What you need to do:
With pictures left out, set down exactly the lines that begin at the one containing "1269 NW Ogden Ave — Photo 4" and end with the last line of the entries below.

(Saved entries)

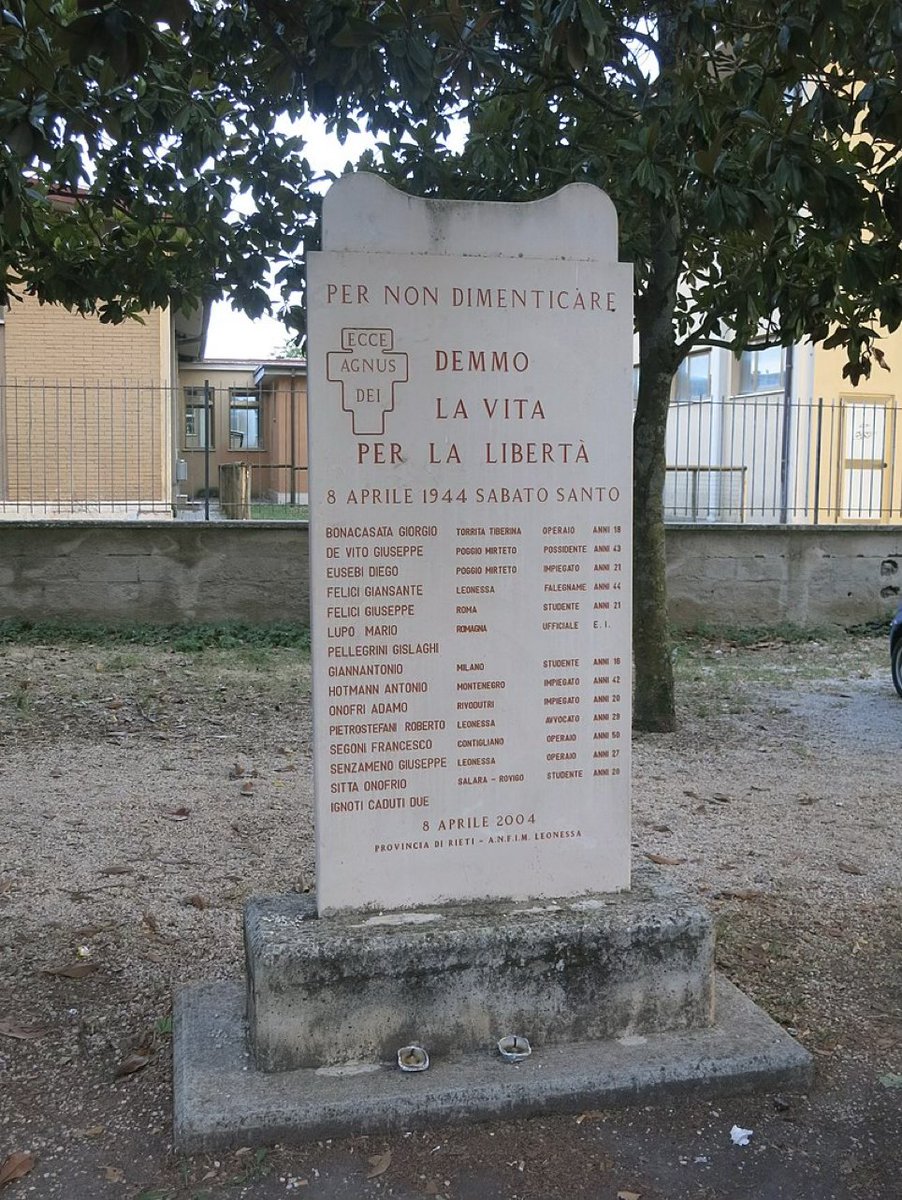 ANPIRomaPosti's tweet photo. Il #9aprile 1944,15 #patrioti rastrellati nei giorni precedenti dai nazisti nella zona di #Leonessa (#RI) furono prelevati dal carcere e portati in località "Quattro Strade".Qui furono fucilati e sepolti in una fossa comune. Il luogo nel dopo guerra fu denominato "Fosse Reatine". https://t.co/3Hgq6XvBWU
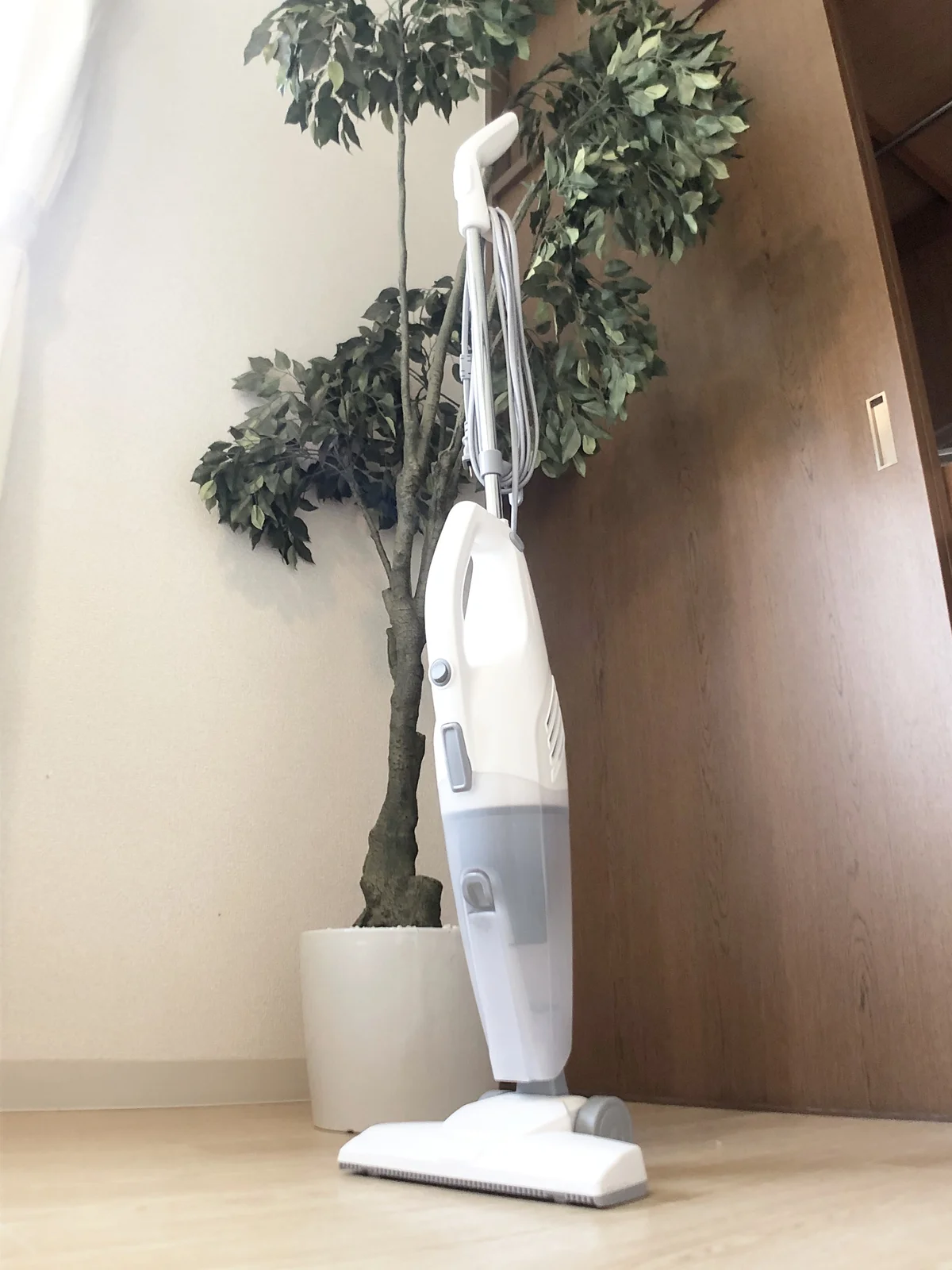 小回りの利く掃除機でいつでもお掃除できます◎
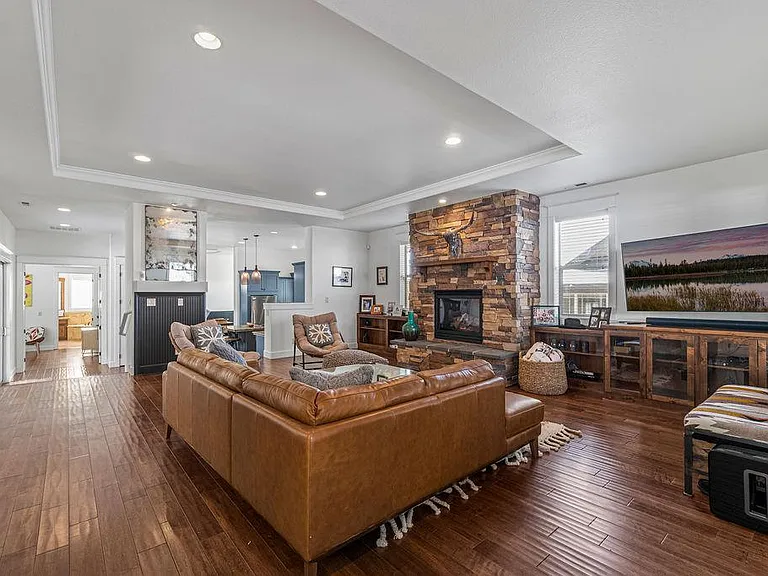 1269 NW Ogden Ave — Photo 4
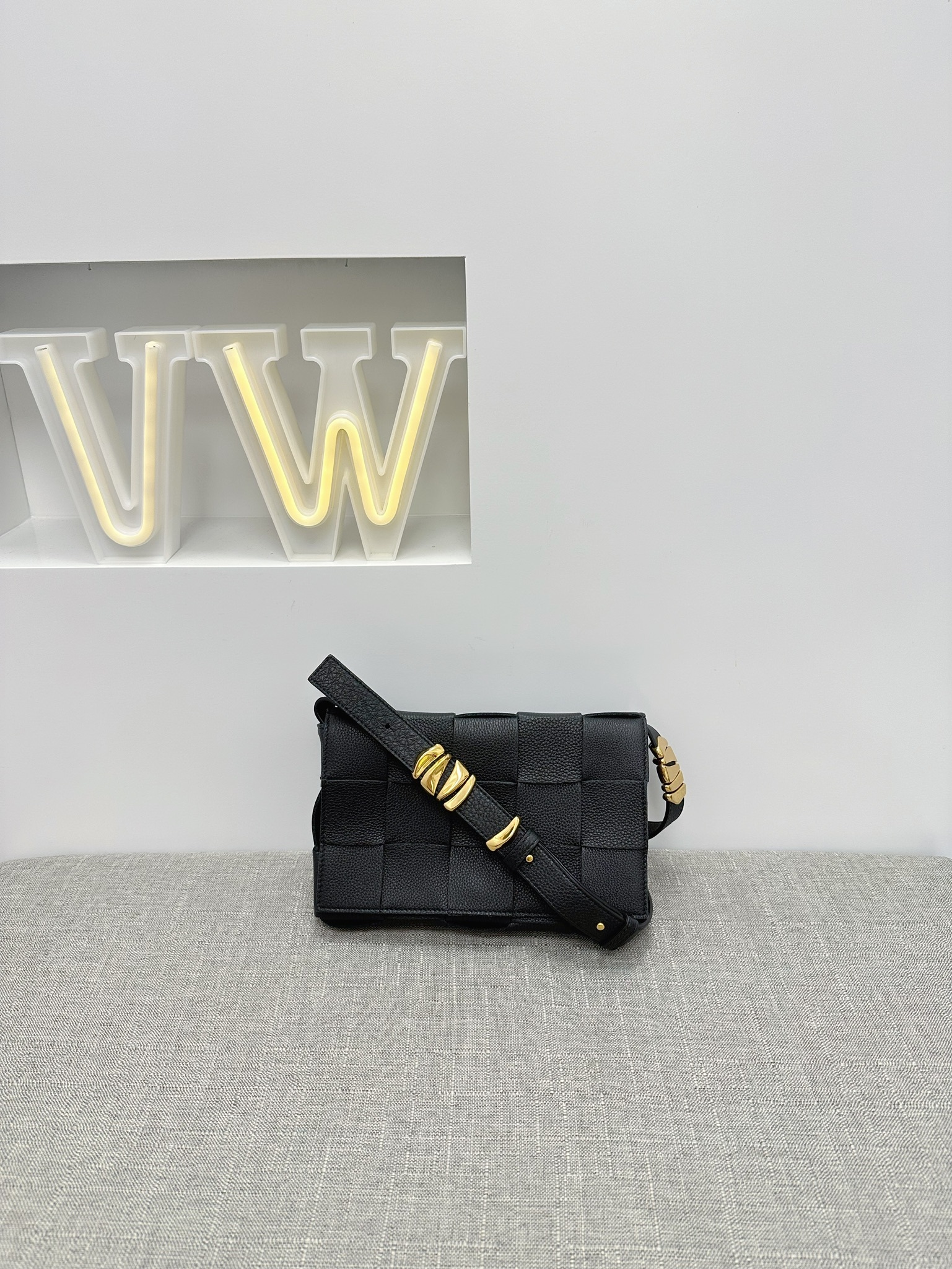 Outlet BV Cassette Bag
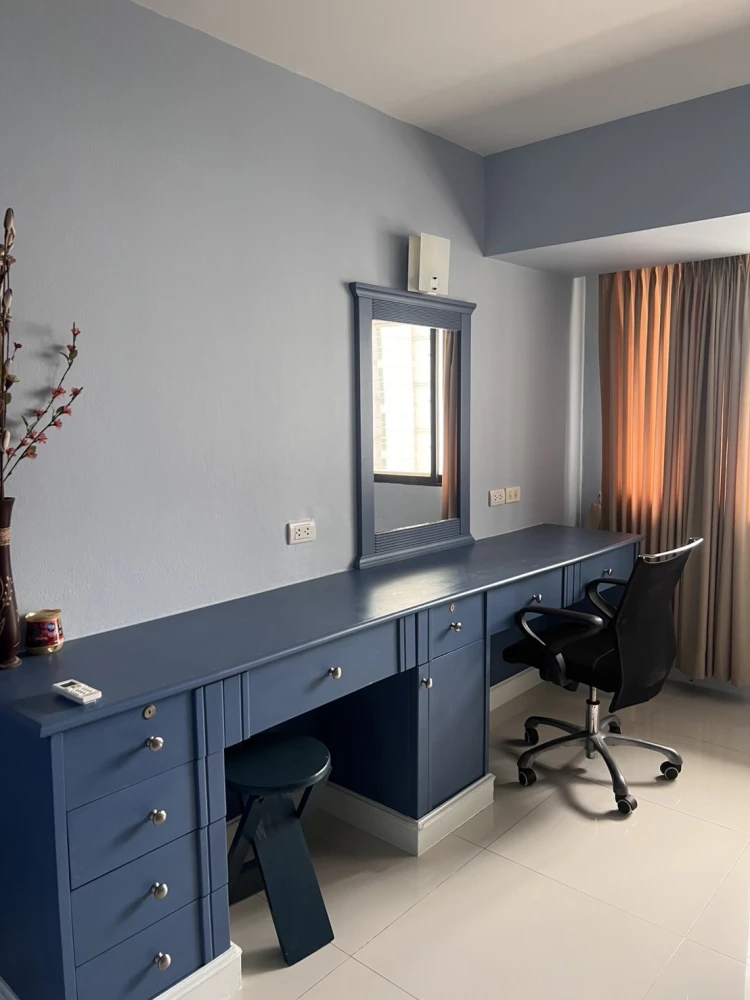 Condo for rent, The Royal Place, 2 floors, 10 colorful rooms. With built-in kitchen Plus electrical appliances. Reserve now.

Exercise output:
 1269 NW Ogden Ave — Photo 4
 Outlet BV Cassette Bag
 Condo for rent, The Royal Place, 2 floors, 10 colorful rooms. With built-in kitchen Plus electrical appliances. Reserve now.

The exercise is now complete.